木曜日, 11月 24, 2005
熊野散歩 Ⅱ;那智熊野大社
大門坂の案内板から「蟻と王子」の時空浴にはまり、初回のメモは終わった。2回目は大門坂を登るところからスタートする。(木曜日, 11月 24, 2005のブログを修正)
那智熊野大社
大門坂の途中に多富気王子。中辺路、最後の王子社。ただ、この王子の名は中世の記録にはない、とのこと。江戸時代に登場。「たふけ」は手向けの意味、とか。 苔むした石段を30分弱登る。那智山神社お寺前駐車場・バス停に。階段を上ると那智熊野大社;御祭神は熊野十三神。御主神は熊野夫須美大神。すぐ横に那智山青岸渡寺。本尊は如意輪観世音菩薩。西国三十三観音霊場第. 一番札所。
神と仏が隣り合うこの那智熊野は熊野三山(本宮・新宮・那智)中もっとも神仏習合時代の名残りを残している。現在は神と仏にはっきりわかれてはいる。が、かつての那智は神社と仏寺とに分離できるものではなかった。
那智熊野大社と呼ばれるようになったのは明治になってから。また、青岸渡寺と呼ばれるようになったのも、同じく明治。それまでの那智は、那智山熊野権現とか、那智権現と呼ばれて神と仏は渾然一体のものであり、熊野修験の一大本拠地であった。

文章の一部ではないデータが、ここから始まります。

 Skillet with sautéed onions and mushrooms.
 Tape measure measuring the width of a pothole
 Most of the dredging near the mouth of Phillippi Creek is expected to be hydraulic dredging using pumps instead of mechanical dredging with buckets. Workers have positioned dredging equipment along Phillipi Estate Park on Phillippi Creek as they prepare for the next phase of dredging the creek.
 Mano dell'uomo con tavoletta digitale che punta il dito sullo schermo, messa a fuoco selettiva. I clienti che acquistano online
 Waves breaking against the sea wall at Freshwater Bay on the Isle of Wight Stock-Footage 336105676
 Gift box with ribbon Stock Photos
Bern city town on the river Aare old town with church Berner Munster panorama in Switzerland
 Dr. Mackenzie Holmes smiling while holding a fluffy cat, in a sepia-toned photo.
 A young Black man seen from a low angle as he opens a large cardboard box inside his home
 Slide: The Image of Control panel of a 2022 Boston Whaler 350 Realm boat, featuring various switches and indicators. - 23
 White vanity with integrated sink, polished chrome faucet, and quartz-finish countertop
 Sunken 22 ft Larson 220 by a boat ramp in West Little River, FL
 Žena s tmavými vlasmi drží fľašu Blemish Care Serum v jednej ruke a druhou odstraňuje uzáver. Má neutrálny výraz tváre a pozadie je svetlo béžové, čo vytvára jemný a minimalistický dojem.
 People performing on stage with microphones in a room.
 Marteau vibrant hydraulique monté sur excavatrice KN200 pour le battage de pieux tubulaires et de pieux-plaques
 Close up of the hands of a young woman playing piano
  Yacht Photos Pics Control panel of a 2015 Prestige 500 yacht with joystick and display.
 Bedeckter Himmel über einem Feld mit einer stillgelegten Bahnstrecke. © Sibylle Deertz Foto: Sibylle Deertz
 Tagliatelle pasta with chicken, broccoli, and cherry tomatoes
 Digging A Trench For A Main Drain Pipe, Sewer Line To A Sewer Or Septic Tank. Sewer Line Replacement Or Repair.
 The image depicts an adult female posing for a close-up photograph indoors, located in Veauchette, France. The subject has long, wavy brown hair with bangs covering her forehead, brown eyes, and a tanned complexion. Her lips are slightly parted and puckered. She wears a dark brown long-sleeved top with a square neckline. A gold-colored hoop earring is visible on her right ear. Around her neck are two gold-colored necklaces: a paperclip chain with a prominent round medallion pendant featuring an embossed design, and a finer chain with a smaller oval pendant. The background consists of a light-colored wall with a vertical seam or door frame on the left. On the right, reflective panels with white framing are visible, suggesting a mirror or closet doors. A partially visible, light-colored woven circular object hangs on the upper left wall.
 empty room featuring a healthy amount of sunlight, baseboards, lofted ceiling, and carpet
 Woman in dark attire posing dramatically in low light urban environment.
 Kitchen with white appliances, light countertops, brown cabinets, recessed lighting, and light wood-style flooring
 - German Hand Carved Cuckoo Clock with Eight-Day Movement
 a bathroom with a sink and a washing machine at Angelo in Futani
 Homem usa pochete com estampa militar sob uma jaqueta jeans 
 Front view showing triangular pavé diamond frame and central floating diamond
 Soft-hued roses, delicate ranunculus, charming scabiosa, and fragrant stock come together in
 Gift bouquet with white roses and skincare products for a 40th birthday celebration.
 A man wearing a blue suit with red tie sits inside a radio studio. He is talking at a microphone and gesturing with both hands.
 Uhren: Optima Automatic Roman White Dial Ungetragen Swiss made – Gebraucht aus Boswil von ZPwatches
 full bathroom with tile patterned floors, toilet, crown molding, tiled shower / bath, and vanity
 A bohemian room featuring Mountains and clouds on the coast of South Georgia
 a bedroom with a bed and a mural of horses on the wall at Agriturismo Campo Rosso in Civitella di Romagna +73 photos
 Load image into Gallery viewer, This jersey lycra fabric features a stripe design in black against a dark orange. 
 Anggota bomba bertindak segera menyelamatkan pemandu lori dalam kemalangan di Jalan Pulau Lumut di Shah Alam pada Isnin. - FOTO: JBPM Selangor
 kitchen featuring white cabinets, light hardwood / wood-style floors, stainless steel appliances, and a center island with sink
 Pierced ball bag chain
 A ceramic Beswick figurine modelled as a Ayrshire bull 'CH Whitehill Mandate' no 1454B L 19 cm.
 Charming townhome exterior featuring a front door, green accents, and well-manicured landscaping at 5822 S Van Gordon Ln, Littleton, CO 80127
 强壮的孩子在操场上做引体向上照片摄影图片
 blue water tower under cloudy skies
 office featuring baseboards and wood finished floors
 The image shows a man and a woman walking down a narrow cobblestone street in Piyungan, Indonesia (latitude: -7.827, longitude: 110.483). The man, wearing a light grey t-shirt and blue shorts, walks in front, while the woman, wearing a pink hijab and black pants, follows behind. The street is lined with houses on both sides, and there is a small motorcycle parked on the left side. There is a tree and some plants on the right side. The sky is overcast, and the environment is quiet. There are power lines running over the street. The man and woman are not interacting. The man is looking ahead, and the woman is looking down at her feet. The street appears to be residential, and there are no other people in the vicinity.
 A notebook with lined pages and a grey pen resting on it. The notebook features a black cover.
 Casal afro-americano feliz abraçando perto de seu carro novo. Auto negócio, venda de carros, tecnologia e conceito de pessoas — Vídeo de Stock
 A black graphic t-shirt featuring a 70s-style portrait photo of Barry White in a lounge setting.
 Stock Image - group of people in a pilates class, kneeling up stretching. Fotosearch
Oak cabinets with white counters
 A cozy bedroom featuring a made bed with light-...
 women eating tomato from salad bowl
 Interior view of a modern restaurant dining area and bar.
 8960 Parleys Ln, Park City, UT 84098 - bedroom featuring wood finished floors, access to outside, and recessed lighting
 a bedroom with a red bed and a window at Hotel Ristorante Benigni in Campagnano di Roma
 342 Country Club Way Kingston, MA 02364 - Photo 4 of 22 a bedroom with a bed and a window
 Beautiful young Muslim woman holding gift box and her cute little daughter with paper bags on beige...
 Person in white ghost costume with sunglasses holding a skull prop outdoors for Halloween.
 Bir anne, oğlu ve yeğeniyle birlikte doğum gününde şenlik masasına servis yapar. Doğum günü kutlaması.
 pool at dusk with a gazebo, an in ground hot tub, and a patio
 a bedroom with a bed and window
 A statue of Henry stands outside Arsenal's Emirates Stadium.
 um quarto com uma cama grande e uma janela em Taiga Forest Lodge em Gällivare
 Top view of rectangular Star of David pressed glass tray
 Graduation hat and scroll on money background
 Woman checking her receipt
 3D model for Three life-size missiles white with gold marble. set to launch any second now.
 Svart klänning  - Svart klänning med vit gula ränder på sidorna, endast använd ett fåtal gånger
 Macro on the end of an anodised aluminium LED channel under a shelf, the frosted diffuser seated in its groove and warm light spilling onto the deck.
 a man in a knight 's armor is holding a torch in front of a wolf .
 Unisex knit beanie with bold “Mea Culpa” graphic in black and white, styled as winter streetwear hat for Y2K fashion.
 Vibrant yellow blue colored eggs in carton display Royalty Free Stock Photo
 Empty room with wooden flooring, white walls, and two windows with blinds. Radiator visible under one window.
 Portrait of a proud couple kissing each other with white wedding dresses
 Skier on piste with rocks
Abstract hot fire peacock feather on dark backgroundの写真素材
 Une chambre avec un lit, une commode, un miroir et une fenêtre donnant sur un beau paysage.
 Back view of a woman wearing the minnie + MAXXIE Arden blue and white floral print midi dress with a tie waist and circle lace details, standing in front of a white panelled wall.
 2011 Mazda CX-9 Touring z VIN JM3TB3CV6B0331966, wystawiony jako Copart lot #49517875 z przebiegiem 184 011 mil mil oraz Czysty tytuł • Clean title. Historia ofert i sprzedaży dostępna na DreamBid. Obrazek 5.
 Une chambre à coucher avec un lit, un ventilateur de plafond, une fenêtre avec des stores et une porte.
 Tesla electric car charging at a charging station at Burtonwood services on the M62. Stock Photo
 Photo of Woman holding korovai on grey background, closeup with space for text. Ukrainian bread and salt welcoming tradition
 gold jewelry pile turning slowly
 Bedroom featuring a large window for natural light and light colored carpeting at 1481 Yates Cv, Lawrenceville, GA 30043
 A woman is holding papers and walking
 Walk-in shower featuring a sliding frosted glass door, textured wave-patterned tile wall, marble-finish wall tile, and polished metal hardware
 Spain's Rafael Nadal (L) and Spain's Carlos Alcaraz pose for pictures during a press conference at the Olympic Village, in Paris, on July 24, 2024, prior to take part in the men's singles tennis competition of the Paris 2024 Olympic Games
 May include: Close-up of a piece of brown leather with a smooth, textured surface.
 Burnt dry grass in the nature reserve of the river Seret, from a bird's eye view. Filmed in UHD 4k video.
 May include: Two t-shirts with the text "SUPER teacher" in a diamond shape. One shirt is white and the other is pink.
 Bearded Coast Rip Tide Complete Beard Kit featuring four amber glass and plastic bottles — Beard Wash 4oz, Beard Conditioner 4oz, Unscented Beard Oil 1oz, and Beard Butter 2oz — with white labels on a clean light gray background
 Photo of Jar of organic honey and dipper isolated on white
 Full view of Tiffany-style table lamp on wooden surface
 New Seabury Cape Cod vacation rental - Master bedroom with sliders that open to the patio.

神と仏に分かれたのは明治の神仏分離令によって。もともと神も仏も一体であった権現さまに、神か仏かのどちらか一方を選択するようにとの命。本宮も新宮も神を選び仏を捨て、寺院は取り壊された。この那智でも、神を選び、廃仏毀釈を行い、那智権現は明治4年(1871)に「熊野那智神社」と称し、仏教・修験道を排した神社となった。
本堂であった如意輪堂は、西国三十三所霊場の第一番札所でもあり、さすがに取り壊されることはなかった。が、仏像仏具類は補陀洛山寺などに移され空堂に。明治7年(1874)になって、熊野那智神社から独立。「青岸渡寺」と名付け、天台宗の一寺として再興された。
熊野那智神社は熊野三山のひとつである。熊野詣が盛んになる平安時代後期に本宮・新宮・那智が一体化し熊野三山と呼ばれるようになるが、それ以前は本宮・新宮・那智は別々の神であった。平安時代中期の延喜式によれば本宮は熊野坐神社(います)、新宮は熊野早玉神社と呼ばれていた、との記述。しかしながら那智の名前は出てこない。どうも、那智は本宮・新宮とは異なる形で生まれたようだ。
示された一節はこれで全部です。